Zero-Emission Mandates for HD Vehicles in US/EU/China
The EPA Phase 3 rule insists that significant share of new urban delivery trucks be zero emission by 2032, while the EU targets a 90% CO2 cut in heavy-duty vehicles by 2040. China’s updated dual-credit system forces OEMs to earn new-energy credits equal to a notable share of output in 2024. These regulations give cell suppliers predictable demand signals justifying multibillion-dollar gigafactories. Credit trading adds revenue upside for early movers and cost penalties for laggards, sharpening competition. Regional phase-in schedules let global brands pilot technology in compliant zones before spreading worldwide.
Urban Last-Mile Electrification Driven by E-Commerce
Amazon’s purchase commitment for 100,000 electric vans and DHL’s 60% electrified last-mile target by 2030 are expanding demand for 40–80 kWh packs optimized for stop-and-go duty cycles. Low-emission zones in London and Paris restrict access to diesel vans, essentially mandating electric alternatives [1]“Electrifying Last-Mile Delivery,” Transport & Environment, transportenvironment.org. Urban distribution centers now prioritize quick-turn charging and thermal robustness, as vehicles may charge multiple times per day. Micro-fulfillment strategies shorten trip distances but increase delivery frequency, favoring packs with high cycle life over those with maximum capacity. Penalties, such as congestion charges, give electric fleets an immediate cost advantage, thereby accelerating their adoption.
Commercial Adoption of High-Energy LFP/LFP Chemistries
LFP now delivers 180–200 Wh/kg, due to advanced doping and nano-coatings, making it viable for medium-range commercial use without the high costs associated with nickel and cobalt. LMFP adds manganese to increase energy density while maintaining the cobalt-free bill of materials. Fleets prize the more than 4,000 cycle life and thermal stability over maximum gravimetric performance. The chemistry’s simplified supply chain hedges against geopolitical risk tied to nickel and cobalt sources. Lower raw-material exposure also delivers price predictability that CFOs prefer when planning multi-year fleet rollouts.

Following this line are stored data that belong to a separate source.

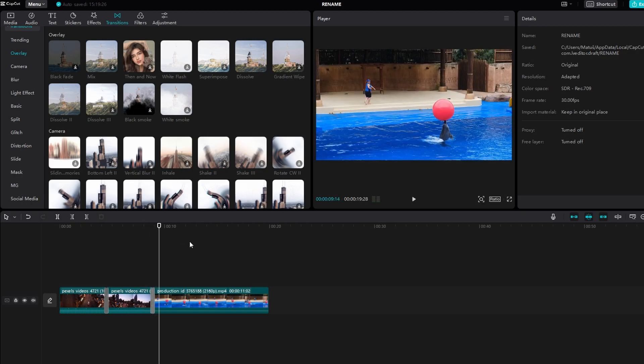Experiment with different transitions to achieve your desired look. And if you found this tutorial helpful, please consider subscribing and liking the video. Thank you.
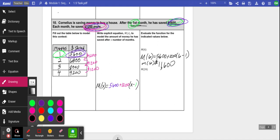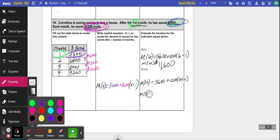Now, how much money does he have after 24 months? For m(24): it's still 5600 plus 1200 times (24 - 1), which is 1200 times 23 months — because the first month was already the $5,600 starting amount, so he's adding $1,200 for 23 additional months. You'd want to type that into a calculator. It's going to be a lot of money — good for him, hope he buys that house soon! Alright, thanks guys, bye.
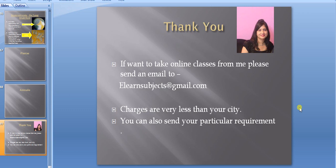Plantae and Animalia I will discuss in another video. Thank you. If you like my video, please send me an email at elearnsubjects@gmail.com. If you want to take online classes, charges are very less compared to your city, and I can teach students from the US and UK as well.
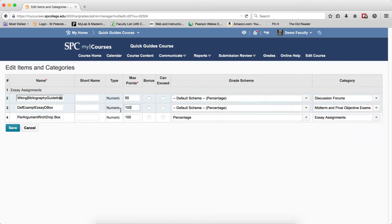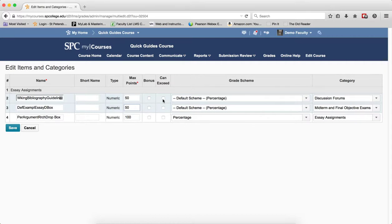If I want to change the point values on these items, I can change the point values. If I want to have more of them can exceed, I can choose can exceed in all of them.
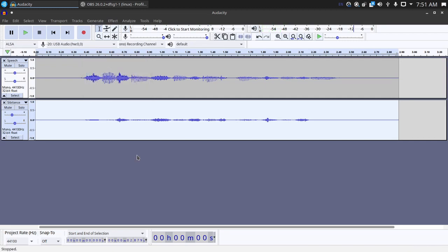So the reason this works is because a compressor shrinks the dynamic range so the louds get quieter and the quiet parts get louder. And since we didn't have that box checked, we never brought everything back up so we were just making things quieter. And that is exactly what a de-esser plugin does.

Restraints Impact Analysis
| Restraint | (~) % Impact on CAGR Forecast | Geographic Relevance | Impact Timeline |
|---|---|---|---|
| Critical Minerals Price Volatility | –1.8% | Global; highest in import-reliant regions | Short term (≤ 2 years) |
| Sparse Heavy-duty Charging | –1.5% | North America, Europe lag; China leads | Medium term (2-4 years) |
| Thermal Runaway Risk | –0.9% | Middle East, Southeast Asia, Southern United States/EU | Long term (≥ 4 years) |
| Weight Based Road Taxes | –0.7% | European Union | Medium term (2-4 years) |
| Source: Mordor Intelligence | |||
Critical-Minerals Price Volatility (Li, Ni, Co)
Lithium carbonate has experienced a significant decline from its previous peak but remains highly sensitive to supply disruptions in Chile and Australia, complicating cost forecasts. Nickel swings tied to Indonesian export policies and Russian supply disruptions add further uncertainty, particularly for high-nickel chemistries. Cobalt’s concentration in the Democratic Republic of the Congo raises ethical sourcing challenges that are reflected in OEM ESG disclosures. Price turbulence compresses margins and forces inventory hedging, nudging manufacturers toward vertical integration. Chemistry shifts to LFP and LMFP are partially defensive moves against the volatility of nickel-cobalt.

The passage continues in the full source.